La controverse : une réflexion sur les frontières entre sciences et société

Si la controverse peut soulever des questions d'identité scientifique ou d'allocation des ressources, elle favorise aussi, à l'occasion, des rencontres inédites entre les acteurs de la recherche et les représentants d'autres secteurs, à la faveur desquelles pourront se redéfinir les rapports des sciences avec les médias, l'industrie ou les autorités publiques. Ainsi la réflexion de Guy Maghuin-Rogister sur ses relations avec l'industrie lors de la rédaction de ses conclusions sur les compléments alimentaires l'amène-t-elle à préciser la nature ambivalente de ces rapports. Rapports d'ouverture et d'apprentissage, lorsque l'expertise scientifique doit composer avec ses enjeux juridiques ou veiller à absorber certaines dimensions techniques propres à l'industrie. Rapports aussi de fermeture, lorsque le chercheur considère qu'il y a des points sur lesquels on ne peut transiger sans toucher à ce qui fait la spécificité de la science et la responsabilité du scientifique. Il existe donc des espaces de négociation sur l'insertion des connaissances scientifiques et de leurs méthodologies dans la prise de décision – espaces à géométrie variable, selon les sensibilités des scientifiques et les codes de conduite propres à leurs institutions.

 

Vers une typologie des controverses

Si aucun des contributeurs ne s'est hasardé à proposer une typologie exhaustive des controverses, certaines distinctions ont néanmoins été évoquées implicitement ou explicitement.
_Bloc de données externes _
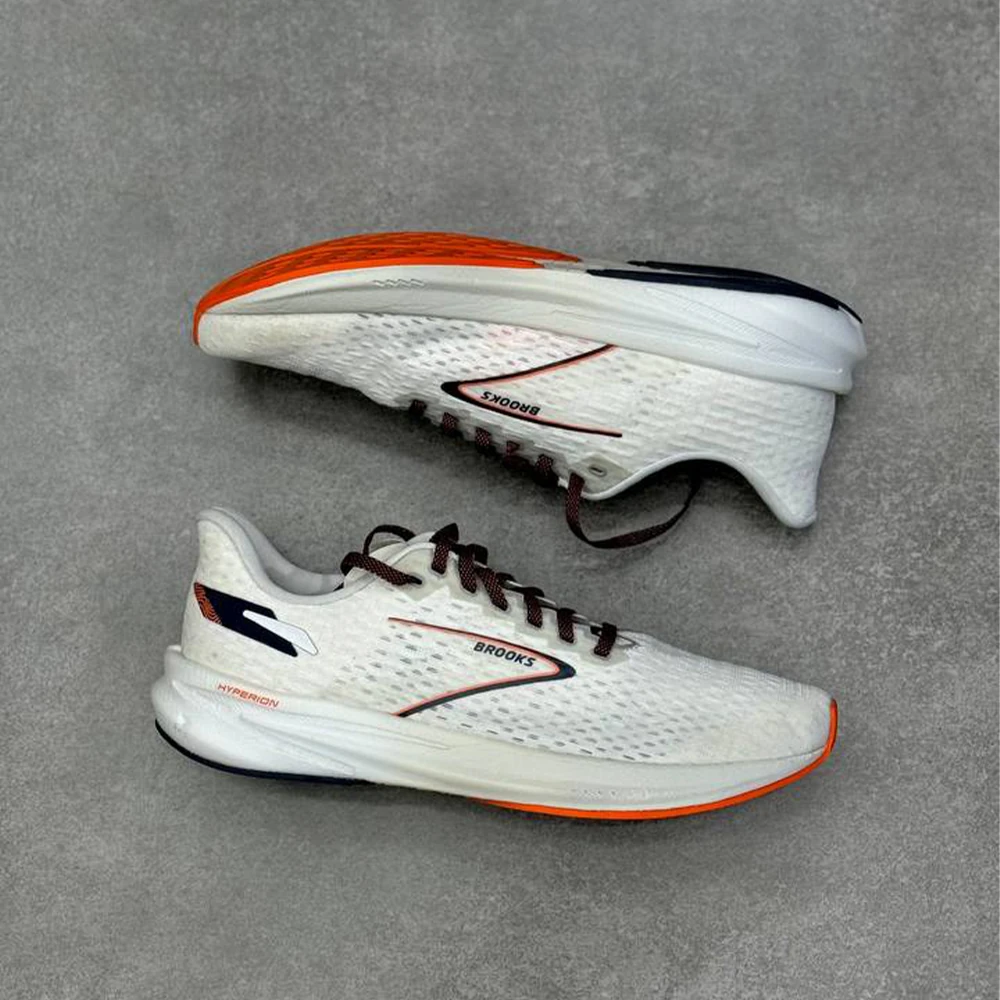 Brooks Hyperion 1104071D095 (2) کتونی بروکس هایپریون Brooks hyperion 1104071D095 - Image 3
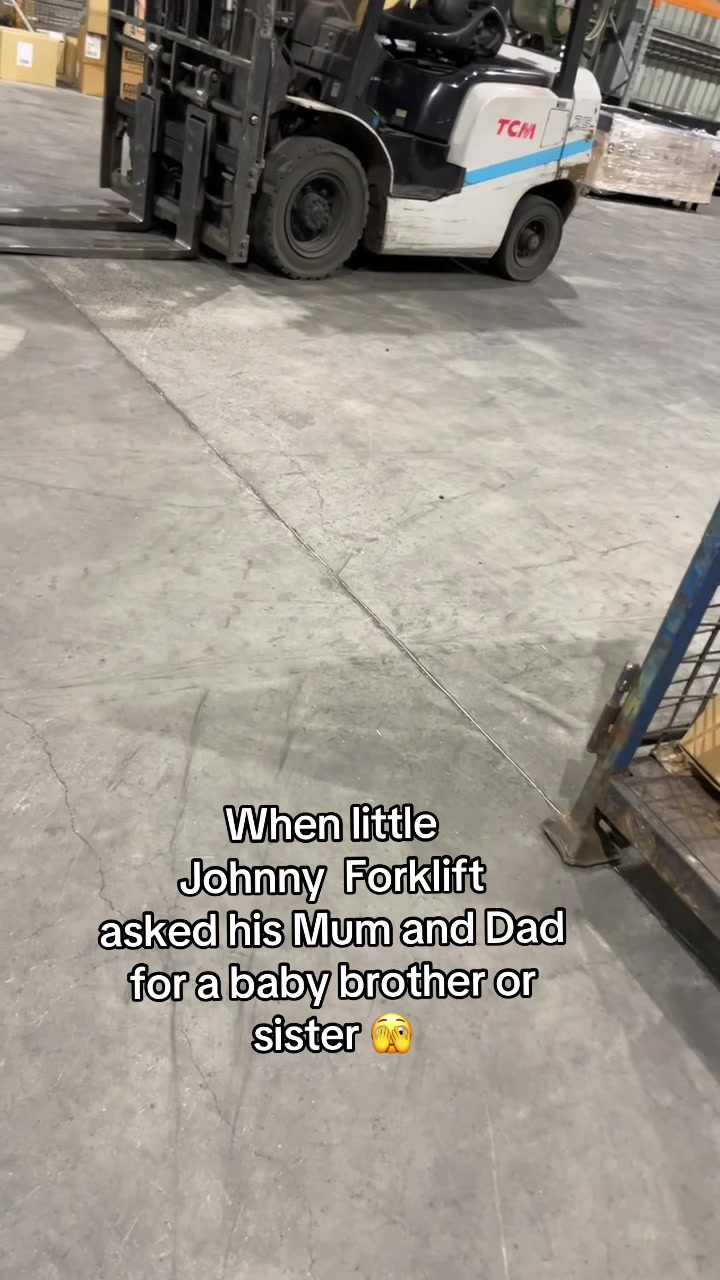 @leighfebey
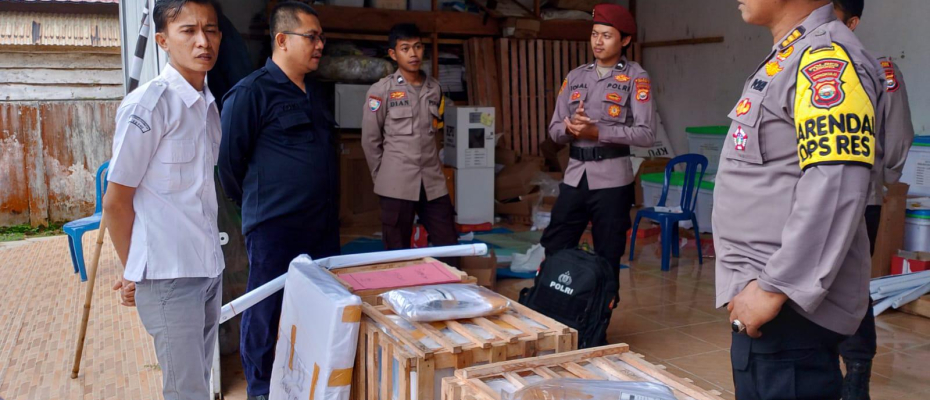 Polres Lebong Laksanakan Pergeseran Logistik Pilkada 2024 ke TPS Terjauh Sungai Lisai 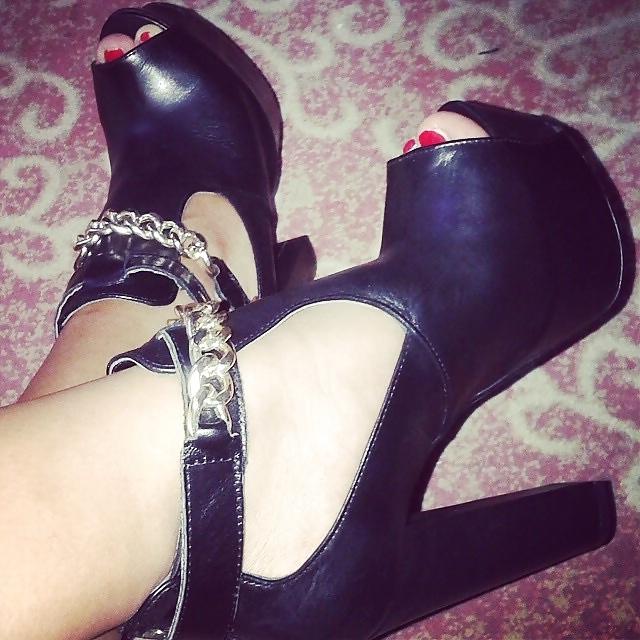 25P My facebook friend 's feet ,legs and ass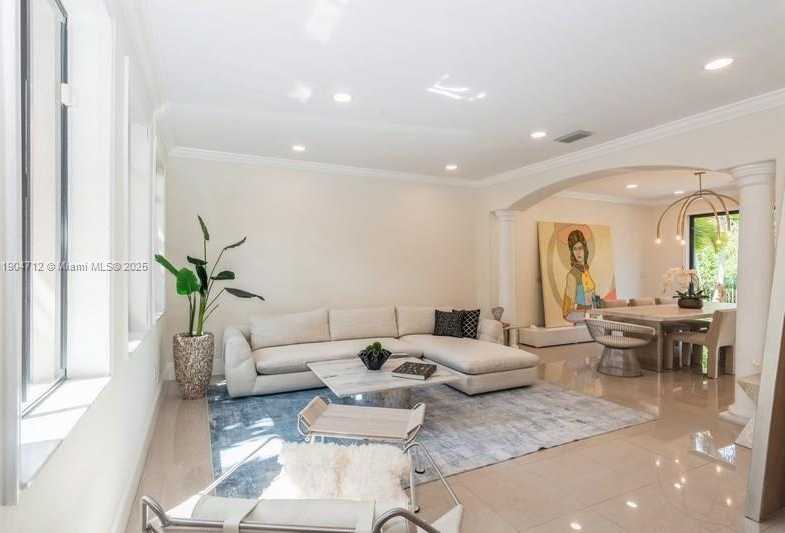 Small Image of 18704 SOUTH WEST 76TH CT, Cutler Bay Number 6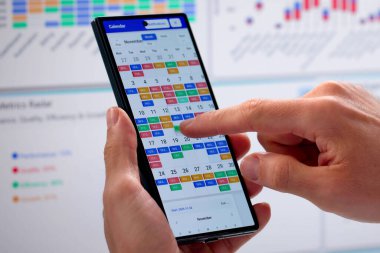 Orta Çağ Kafkasyalı Randevular İçin Çevrimiçi Takvim Kullanıyor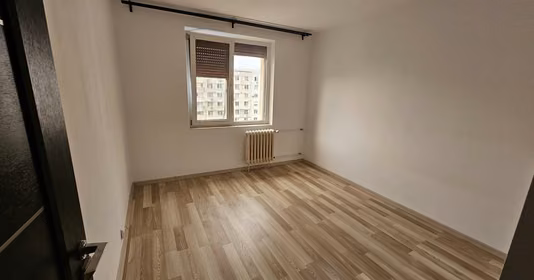 Apartament Titan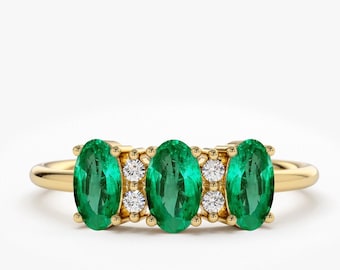 Emerald Ring / 14k Solid Gold Natural Genuine Emerald and Diamond Ring / Green Gemstone Ring/ Green Emerald/ Emerald Jewelry, Gift for Mom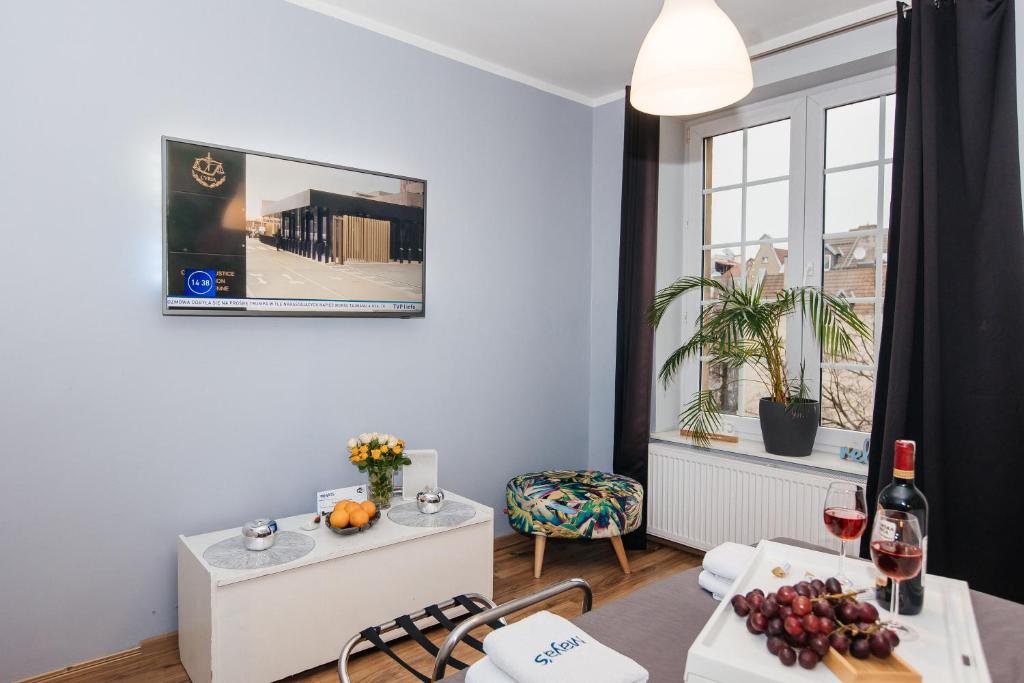 Maya's - Długa 66 - 2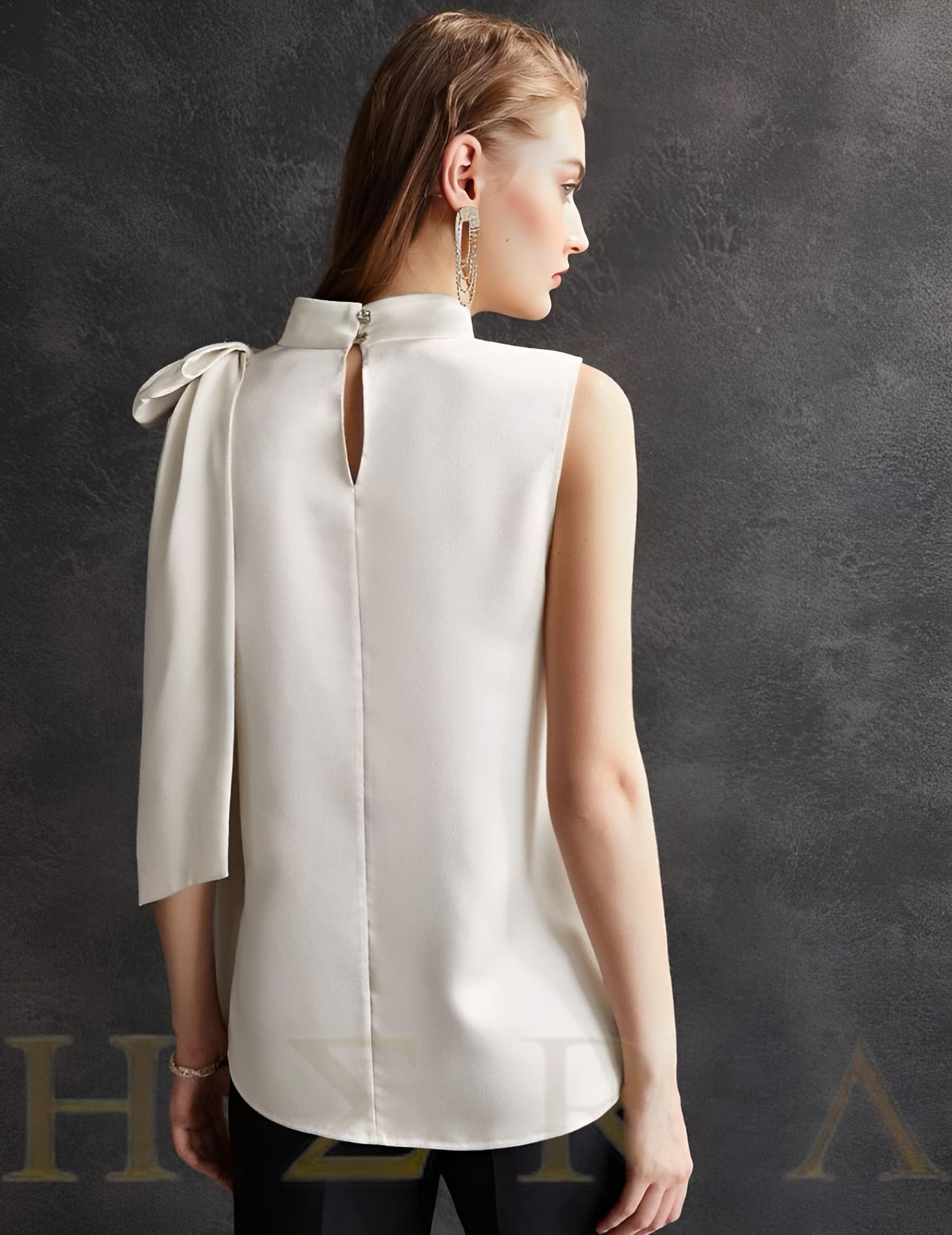 Bow Shoulder Embellished Top - Imagen 6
Selon Jacques Balthazart, qui travaille sur les déterminants hormonaux des comportements sexuels, on doit en distinguer au moins deux types : les controverses qui restent strictement scientifiques et internes à une discipline – dans le cas d'espèce : faut-il privilégier les déterminants génétiques ou les déterminants hormonaux dans l'approche de l'homosexualité ?–, et celles qui, tout en demeurant dans le monde scientifique, engagent cependant des approches disciplinaires différentes et conflictuelles – dans le cas d'espèce : psychologie ou biologie du comportement sexuel ? Si l'on peut ainsi distinguer les controverses qui surgissent dans le cercle bien circonscrit des praticiens d'une discipline unique, de celles qui se jouent à la frontière entre sciences naturelles, sciences appliquées et sciences humaines, on doit aussi mettre en lumière, enfin, celles qui placent les savants aux prises avec le monde social. Dans ce cas de figure, c'est la controverse médiatique (dite encore controverse « sociale », « de société ») qui est en réalité le plus souvent problématisée.